=== Section Start ===

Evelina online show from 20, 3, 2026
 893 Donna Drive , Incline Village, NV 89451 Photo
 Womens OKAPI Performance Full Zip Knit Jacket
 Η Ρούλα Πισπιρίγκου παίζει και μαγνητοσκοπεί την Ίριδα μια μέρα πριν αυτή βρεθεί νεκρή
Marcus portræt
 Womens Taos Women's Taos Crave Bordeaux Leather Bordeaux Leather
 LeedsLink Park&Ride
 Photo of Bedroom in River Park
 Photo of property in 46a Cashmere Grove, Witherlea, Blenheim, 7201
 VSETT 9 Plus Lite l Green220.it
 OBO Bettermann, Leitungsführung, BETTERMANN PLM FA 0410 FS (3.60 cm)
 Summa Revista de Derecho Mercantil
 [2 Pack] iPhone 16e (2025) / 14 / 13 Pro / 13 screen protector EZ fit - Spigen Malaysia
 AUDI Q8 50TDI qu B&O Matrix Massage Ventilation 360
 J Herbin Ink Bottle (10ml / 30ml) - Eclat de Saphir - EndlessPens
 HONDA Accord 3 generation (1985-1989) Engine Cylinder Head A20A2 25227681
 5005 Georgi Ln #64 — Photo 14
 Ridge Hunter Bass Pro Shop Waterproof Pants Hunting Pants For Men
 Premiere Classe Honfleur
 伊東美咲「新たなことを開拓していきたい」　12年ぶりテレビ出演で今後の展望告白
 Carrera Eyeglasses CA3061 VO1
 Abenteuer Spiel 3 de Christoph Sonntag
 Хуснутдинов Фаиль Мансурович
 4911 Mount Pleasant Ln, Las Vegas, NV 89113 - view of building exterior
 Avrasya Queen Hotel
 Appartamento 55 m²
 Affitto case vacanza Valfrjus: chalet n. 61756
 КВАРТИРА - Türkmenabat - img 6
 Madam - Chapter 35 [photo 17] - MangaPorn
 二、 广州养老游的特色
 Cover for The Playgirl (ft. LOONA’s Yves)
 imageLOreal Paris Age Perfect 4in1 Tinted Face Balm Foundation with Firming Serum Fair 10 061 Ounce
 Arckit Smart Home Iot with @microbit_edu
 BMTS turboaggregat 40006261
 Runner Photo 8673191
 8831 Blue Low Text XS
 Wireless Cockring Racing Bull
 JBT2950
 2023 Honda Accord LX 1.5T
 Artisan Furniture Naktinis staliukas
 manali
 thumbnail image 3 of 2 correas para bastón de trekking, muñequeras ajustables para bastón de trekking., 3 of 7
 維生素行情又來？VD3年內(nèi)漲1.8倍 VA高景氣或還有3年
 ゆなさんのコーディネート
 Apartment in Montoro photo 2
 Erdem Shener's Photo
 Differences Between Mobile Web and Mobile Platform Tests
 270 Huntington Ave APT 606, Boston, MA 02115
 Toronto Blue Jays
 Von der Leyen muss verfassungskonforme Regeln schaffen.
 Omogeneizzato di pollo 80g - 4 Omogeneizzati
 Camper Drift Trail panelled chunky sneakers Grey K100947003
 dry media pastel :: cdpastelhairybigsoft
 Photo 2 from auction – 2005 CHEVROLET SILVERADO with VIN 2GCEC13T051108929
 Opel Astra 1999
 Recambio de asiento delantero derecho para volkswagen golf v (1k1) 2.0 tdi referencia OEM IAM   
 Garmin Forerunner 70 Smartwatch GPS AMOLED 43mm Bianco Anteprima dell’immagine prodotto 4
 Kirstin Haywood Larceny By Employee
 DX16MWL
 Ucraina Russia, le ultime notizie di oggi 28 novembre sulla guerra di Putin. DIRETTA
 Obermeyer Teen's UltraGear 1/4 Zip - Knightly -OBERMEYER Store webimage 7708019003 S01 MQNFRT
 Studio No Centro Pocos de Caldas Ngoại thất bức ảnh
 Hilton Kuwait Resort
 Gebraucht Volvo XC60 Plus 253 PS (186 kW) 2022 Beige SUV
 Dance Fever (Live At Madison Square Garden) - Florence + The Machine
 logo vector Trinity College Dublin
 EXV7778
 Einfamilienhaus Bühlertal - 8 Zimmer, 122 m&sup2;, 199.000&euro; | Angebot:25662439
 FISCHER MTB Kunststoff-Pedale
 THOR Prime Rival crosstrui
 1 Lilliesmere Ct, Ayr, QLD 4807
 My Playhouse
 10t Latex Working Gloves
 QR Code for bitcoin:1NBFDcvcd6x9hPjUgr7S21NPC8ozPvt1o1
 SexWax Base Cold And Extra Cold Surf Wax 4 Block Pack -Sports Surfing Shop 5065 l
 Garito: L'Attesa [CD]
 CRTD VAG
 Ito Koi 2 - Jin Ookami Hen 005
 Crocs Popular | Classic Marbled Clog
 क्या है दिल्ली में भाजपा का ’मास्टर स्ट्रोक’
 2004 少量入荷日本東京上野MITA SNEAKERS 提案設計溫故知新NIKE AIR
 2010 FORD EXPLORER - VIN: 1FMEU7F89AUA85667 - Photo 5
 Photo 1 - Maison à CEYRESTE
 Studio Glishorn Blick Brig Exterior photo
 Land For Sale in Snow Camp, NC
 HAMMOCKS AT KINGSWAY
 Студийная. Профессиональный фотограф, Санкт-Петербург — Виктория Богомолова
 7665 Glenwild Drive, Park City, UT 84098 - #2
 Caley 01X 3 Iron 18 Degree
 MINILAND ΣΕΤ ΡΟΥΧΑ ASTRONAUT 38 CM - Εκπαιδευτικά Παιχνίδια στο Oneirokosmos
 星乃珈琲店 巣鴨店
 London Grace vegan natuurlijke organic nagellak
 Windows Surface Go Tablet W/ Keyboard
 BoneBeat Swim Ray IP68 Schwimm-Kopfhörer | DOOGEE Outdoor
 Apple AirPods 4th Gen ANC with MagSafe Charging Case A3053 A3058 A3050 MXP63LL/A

=== Section End ===

Your task is to return each line of the data above that contains the string "Womens".

 Womens OKAPI Performance Full Zip Knit Jacket
 Womens Taos Women's Taos Crave Bordeaux Leather Bordeaux Leather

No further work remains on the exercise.